Queridos irmãos e irmãs
Meu coração não cabe dentro do peito de tanta
alegria, por ter vivido uma experiência ímpar, pessoal
e comunitária. Foi lindo, maravilhoso! Depois de quase cinco
anos da minha ordenação sentir como se tivesse sido
ordenado ontem.
Sou realmente privilegiado por viver em uma comunidade como esta,
onde choramos, sofremos, muitas vezes somos crucificados, mas capazes
de viver, em comunidade, o perdão, a graça e a glória
da ressurreição do Senhor.
Esta Semana Santa trouxe para mim as mais belas recordações
da minha caminhada vocacional, em Belo Horizonte e pelo interior de
Minas Gerais. Tudo aquilo que lá vivi, revivi neste ano, em
dobro na minha Paróquia, por isso considero-me agraciado por
fazer parte da família lauretana, com seus pecados, é
claro, mas também com as virtudes e a santidade desta Paróquia.
Muito obrigado, meu Deus, porque o Loreto existe, e de modo especial,
porque nós, Barnabitas, existimos também na caminhada
deste Povo de Deus.
Falando em Semana Santa tivemos uma semana intensa:
Segunda-feira, a Via Sacra, dos Grupos de Oração da
nossa Paróquia, segundo Pe. Arthur, foi linda e muito participada
por todos os fiéis.
Terça-feira, a Via Sacra da Família, emocionante. Há
alguns anos, não fazíamos este momento de oração
das famílias. Ouvindo o ensejo de alguns paroquianos, resgatamos
esta devoção da caminhada do Senhor rumo ao Calvário.
Quarta-feira, em celebração inédita em nossa
paróquia, realizamos a procissão do Senhor dos Passos,
ou seja, a Procissão do Encontro, ou das Sete Dores de Jesus
e de Nossa Senhora, fazendo o encontro destas dores, com as dores
da nossa comunidade.

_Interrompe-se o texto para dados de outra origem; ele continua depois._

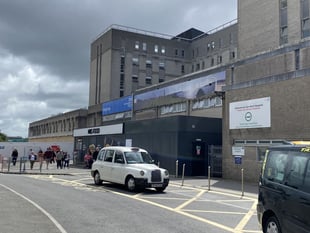 NHS urges South West residents to seek care despite doctor strikes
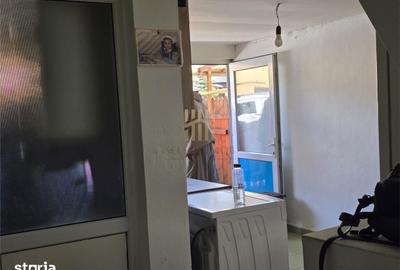 Casă cu 3 camere semidecomandat cu Teren 202 Mp în Pictor Rosenthal - 4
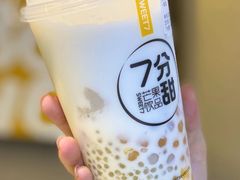 -7分甜(上海新天地广场店)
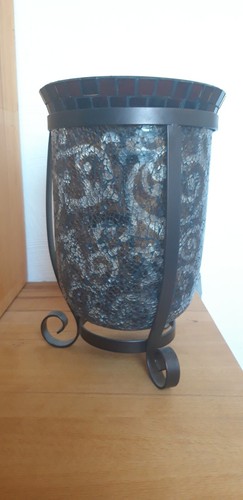 Partylite kerzenhalter mosaik - partylite,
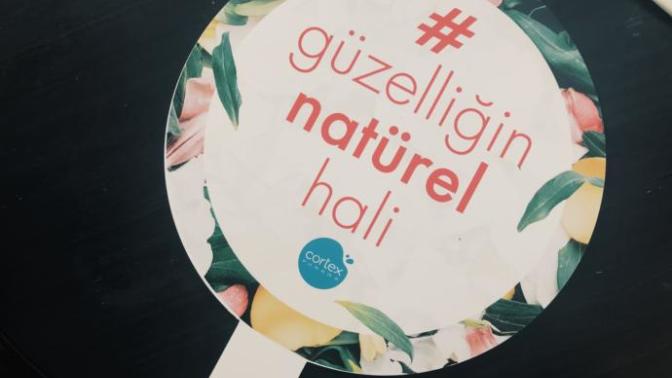 Kızlar Geziyor: Güzelliğin En Natürel Halini Sizin İçin Keşfettim!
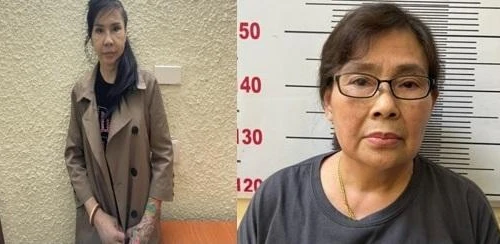 Sự ‘trỗi dậy’ của 2 nữ quái Oanh ‘hà’, Dung ‘thà’ và cái kết tất yếu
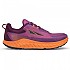 [해외]ALTRA Outroad 2 트레일 러닝화 6140065787 Purple / Orange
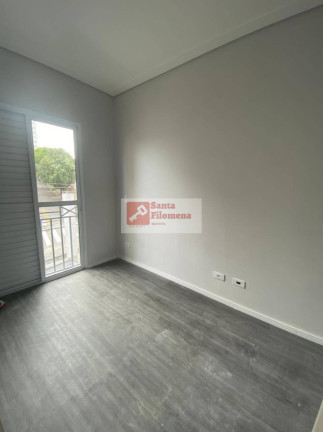 Imagem Apartamento com 2 Quartos à Venda, 38 m² em Vila Príncipe De Gales - Santo André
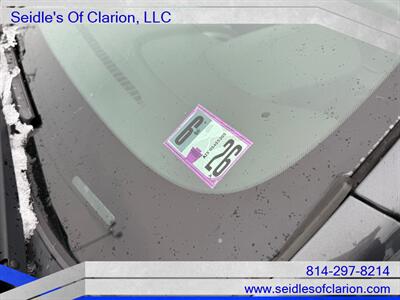 2016 Chevrolet Trax LS - Photo 26 - Clarion, PA 16214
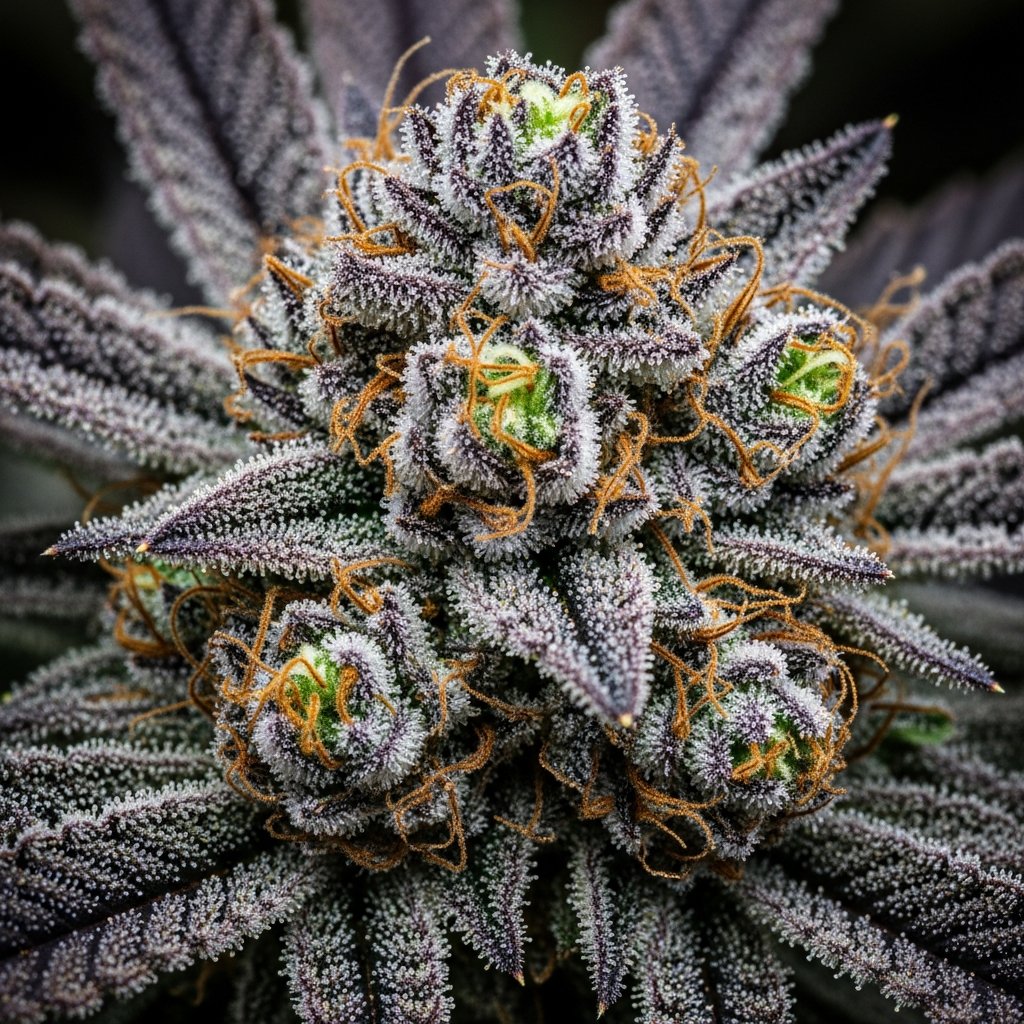 Featured image for “Purple Punch Strain”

Entregando nas mãos d'Aquele que tudo
pode, as nossas esperanças e confiança de um mundo melhor.
O encontro do Senhor com sua Mãe, na frente da nossa matriz,
quando meditávamos a sexta dor, foi emocionante, não
houve quem conseguisse conter os soluços e as lágrimas.
Quinta-feira, o Lava-pés e a Missa da Instituição
da Eucaristia foi uma bênção, todos se emocionaram
ao lembrar que, quem verdadeiramente ama, se coloca a serviço
dos irmãos, como Jesus: " Se, portanto, eu, o Mestre e
o Senhor, vos lavei os pés, também deveis lavar os pés
uns dos outros". Jo 13, 14.
A Vigília do Horto, com 18 horas de duração,
recebeu intensa presença de fiéis, que se prostraram
aos pés de Jesus.
Sexta-feira da Paixão do Senhor, mesmo com a chuva, que caía
como torneiras abertas, não impediu o nosso povo de participar
da cerimônia, onde recordamos o sofrimento e a morte de Nosso
Senhor para a salvação da humanidade. O Loretão
estava repleto. Também foi surpreendente a procissão
do Senhor Morto pelas nossas ruas. A chuva caía e o povo não
arredava pé, cantando e rezando. Era a certeza da ressurreição
que viria.
Sábado Santo Vigília Pascal, vendo aquela multidão,
confesso que fiquei nervoso, mesmo já tendo vivido este momento
no ano passado. Mas neste ano foi peculiar, não dá para
explicar, pois eu já participei com grandes multidões,
em outros lugares, como no Vaticano. Mas lá são pessoas
de todos os lugares, aqui não, éramos todos de uma só
comunidade. Para mim, isto é que torna esta paróquia
sem igual, sobretudo, porque todo o planejamento foi como uma gravidez,
preparada minuciosamente pelas equipes de liturgia e a coordenadora
geral da comunidade.
Domingo de Páscoa, foi uma "maratona" de missas,
todas repletas de fiéis, sedentos do amor do Senhor.
As nossa Capelas: Rio das Pedras, segundo Pe. Arthur, também
não perdeu para o Loretão, muita gente e muita emoção.
No Sertão, Pe. Fernando e nosso futuro diácono Nelson
ficaram emocionados pelas maravilhas que presenciaram.
Diante de tudo isso que me resta dizer? Que Deus seja louvado sempre
pela nossa comunidade. Que o Senhor Ressuscitado os abençoe
e os conduza ao encontro dos irmãos necessitados.